Equally important is maintaining social activities. A lack or decline in social stimulation and interaction with age correlates with a decline in cognitive function. If you can combine all three of these activities, something mentally, physically and socially stimulating you’re way ahead of the game. For example, being able to strategies a golf game during play, or coaching a little league baseball team. These will be two ways you will incorporate physical, mental and social stimulation.
The interesting thing is that what’s good for your heart is also good for your mind. In other words, physical activity when regulated properly under the guidance of the supervision of your doctor can be equally as beneficial for your brain as it is for your heart.
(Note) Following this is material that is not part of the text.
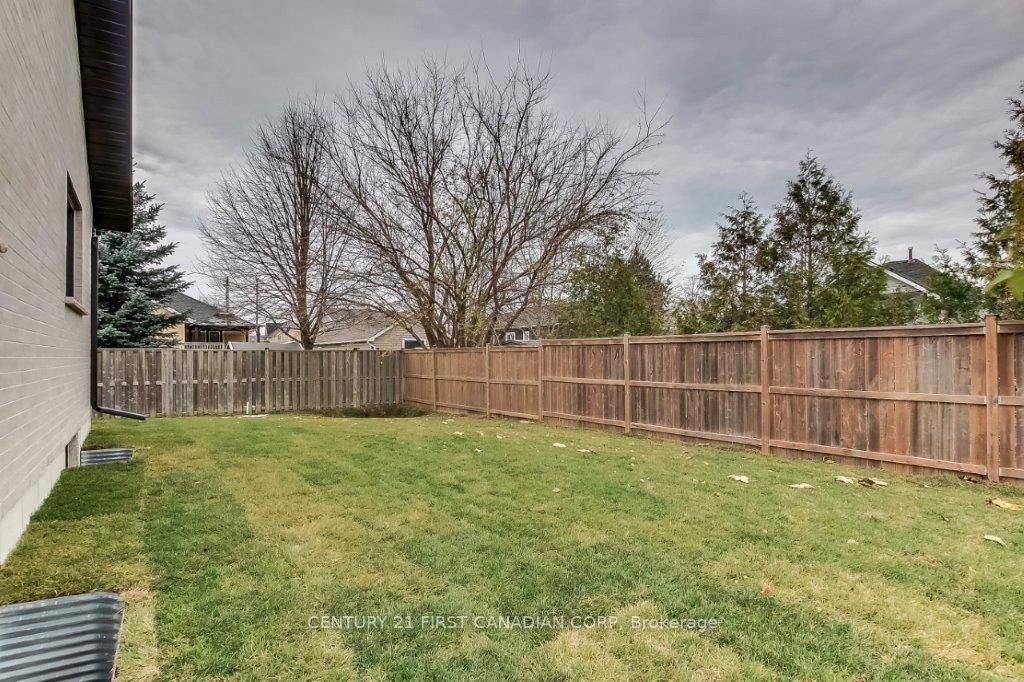 163 Elgin Avenue E Property Photo 29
Also, the use of folic acid has been shown to have beneficial cardiovascular effects as well as beneficial cognitive effects, or positive effects on your brain.
Some theories about the reason for this include the fact that folic acid decreases inflammation in the body and may play a role in expression of dementia related genes. Some foods that contain folic acid include strawberries, oranges, dark green leafy vegetables and beans, all of which should be consumed to increase your levels naturally; however, folic acid supplementation may be an effective way to enhance your overall cognitive skill and performance.